In queste poche righe proverò a parlare del tempo, non certo per dare una risposta ad un tema filosofico universale, quanto piuttosto per riflettere su come più opportunamente potremmo impiegarlo nel quotidiano. Per questo comincerei con la fatidica domanda: «Che cos’è il tempo?». Nelle Confessioni, Agostino d’Ippona così risponde «Quando nessuno me lo chiede, lo so, ma, se qualcuno me lo chiede e voglio spiegarglielo, non lo so più». Agostino concentra le sue considerazioni proprio sul vivere una realtà di per se dinamica, perché, dice, «tre sono i tempi, il presente del passato, il presente del presente, il presente del futuro. Infatti questi tre tempi sono in qualche modo nell’animo, né vedo che abbiano altrove realtà: il presente del passato è la memoria, il presente del presente la visione diretta, il presente del futuro l’attesa». Il tempo è, dunque, un’estensione del tutto umana; concepibile solo all’interno della volontà creatrice di Dio, che a differenza nostra non ha né un “prima” né un “dopo”, ma è eterno. Mentre il tempo che ha principio e fine è una sua creatura ma sta a noi gestirlo. A noi che è dato da vivere, dall’alfa all’omega.

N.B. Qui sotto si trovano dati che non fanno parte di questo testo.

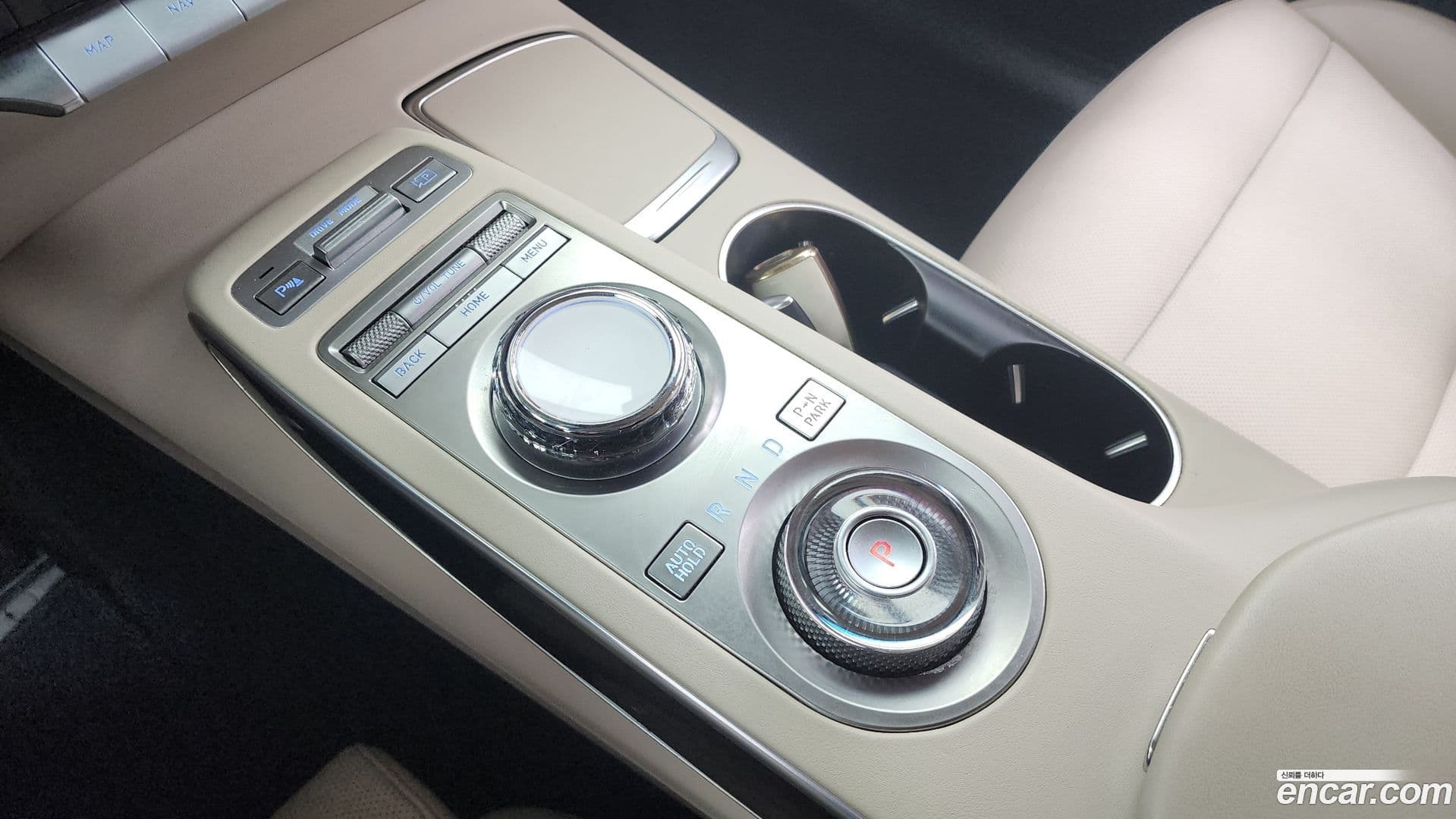 Main__Slider__Photo:GV70 Genesis 2021.2-8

In questi passaggi di riflessione è racchiusa una concezione del tempo che la classicità grecoromana aveva già esplorato, legandola oltretutto alla divinità, come indica Agostino. Per meglio dire, a una poliedricità del divino. Per i greci, Aion rappresenta il tempo infinito dell’eternità; Kronos il tempo sequenziale del passato/presente/futuro. I romani doppiano i greci con Eone e Saturno. Ciò che dell’antichità meraviglia è la profondità che non riusciamo più a percepire, indotti a intendere i protagonisti della mitologia come figurine distanti da noi e spesso risibili. Sono in realtà allegorie, attraverso cui rendere tangibili concetti spesso oscuri. Concetti che al contrario andrebbero approfonditi e spiegati. Se ci riferiamo, per esempio, a un famoso epigramma di Posidippo, ci accorgeremmo che un terzo dio soprassedeva il tempo, oltre ad Aion e Kronos. Lo rappresenta Lisippo nel IV secolo in un bassorilievo in bronzo [nell’immagine una copia in marmo]. Si tratta di Kairòs, divinizzazione  di un concetto centrale nel pensiero greco: il tempo  opportuno e conveniente, il momento propizio. La personificazione romana è declinata al femminile: Occasio, e la divinità antitetica si chiama Pœnitentia, poiché persa la buona occasione, l’opportunità favorevole, non rimane che subirne la conseguente penitenza.

Kairòs ed Occasio sono ambedue numi difficili da riconoscere. Hanno piedi alati, il volto coperto da un folto ciuffo sulla fronte e il capo così raso da rendere impossibile afferrarli dal retro per i capelli una volta sfuggiti. L’immagine allegorica dimostra che, perso il momento propizio, non potremo che rammaricarci. È possibile, però, rimediare, sapendone trarre un’esperienza e capacitarci che le opportunità vanno colte immediatamente. Per farlo occorre riflettere che, se nel passato il tempo era considerato influente in quanto scandito dai ritmi naturali (la notte e il giorno, l’estate e l’inverno, la semina e il raccolto), nel vivere odierno è divenuto imprescindibile.